The ChainRules ecosystem provides the AD-independent collection of primitives for Julia Base (ChainRules.jl), utilities for defining custom primitives (ChainRulesCore.jl), and utilities for testing custom primitives using finite differences (ChainRulesTestUtils.jl). While not needed in principle, the ability to define custom primitives provides a way to speed up the computation by applying domain knowledge or mathematical insight, or get around limitations and performance issues of individual AD systems. In addition, ChainRulesCore.jl provides a suite of expressive differential types which allow comparing derivatives across multiple AD systems.
Since last year the ecosystem has matured considerably, improving the user experience in a number of ways. Improvements include:
- It is now possible to write rules for higher order functions (e.g. map) by calling back into the AD system
- @non_differentiable makes it easy to define rules for non-differentiable functions
- Testing custom primitives became easier since a random tangent (usually) does not have to be provided
- It is now possible to test f/rrule like functions, meaning AD systems can be tested
- ChainRules is now used by Zygote, Nabla, ForwardDiff2, and ReversePropagation
This talk will start by briefly introducing the ChainRules ecosystem, and highlighting the most important new features since last year. Those unfamiliar with the general idea of ChainRules are encouraged to watch last year’s talk on ChainRules first, since the core of the talk is a comprehensive guide to using, writing, and testing custom primitives. In particular, the talk will explain when it is advantageous to write custom primitives compared to using an AD system on its own, the interface for writing custom primitives and the associated supporting functionality, as well as why and how to test primitives by finite differencing methods.

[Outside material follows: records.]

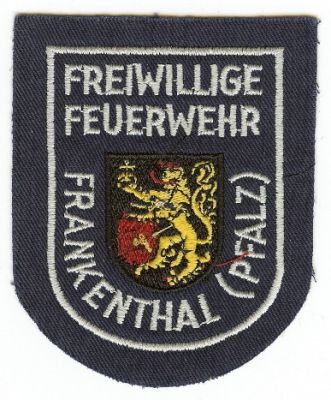 GERMANY Frankenthal
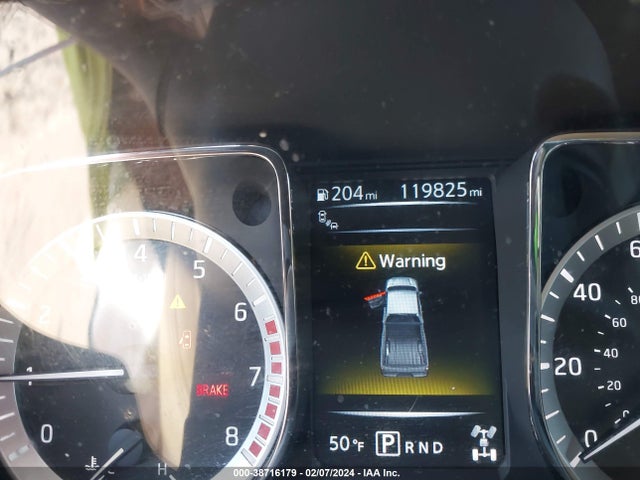 Nissan Titan Sl 2017 1N6AA1E58HN524391 Image 15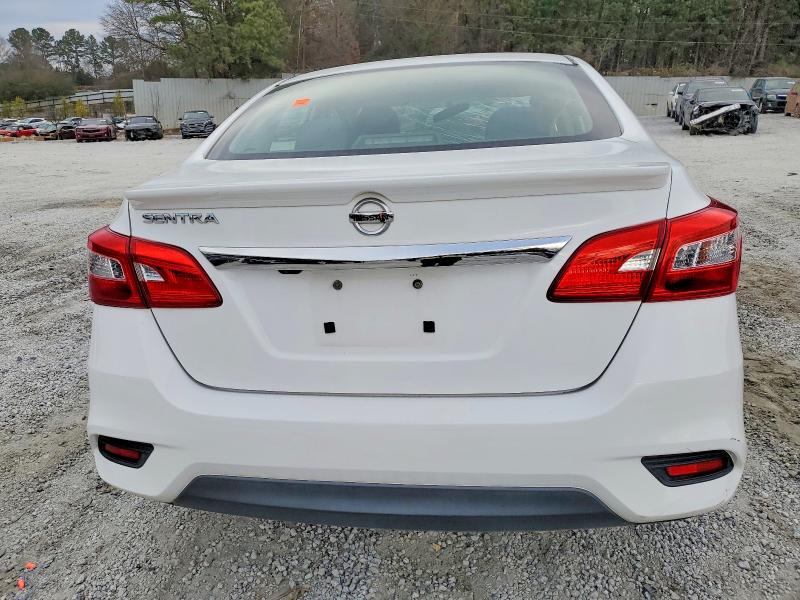 Photo 6 from auction – 2019 NISSAN SENTRA with VIN 3N1AB7AP3KY214740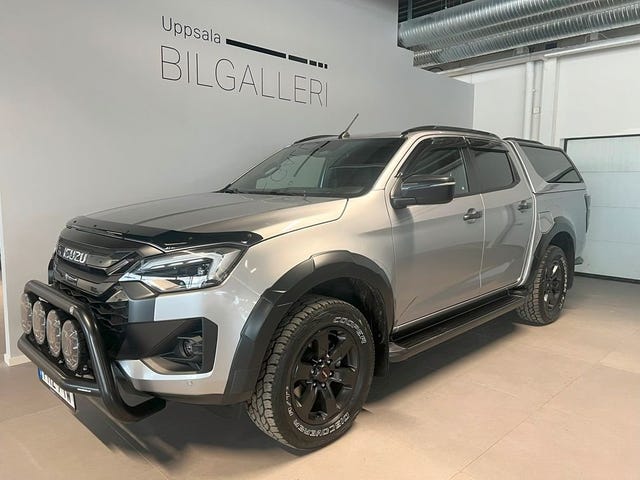 Isuzu D-max 2024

Miha is a theoretical physicist by training and holds an MSci degree from Imperial College London. After completing his Masters, he moved to the countryside to pursue a PhD at the University of Oxford where he analysed the data from the Large Hadron Collider at CERN searching for a rare decay of the Higgs boson. He now works as a Research Software Engineer at Invenia Labs, where he builds tools that accelerate research in electricity grid efficiency.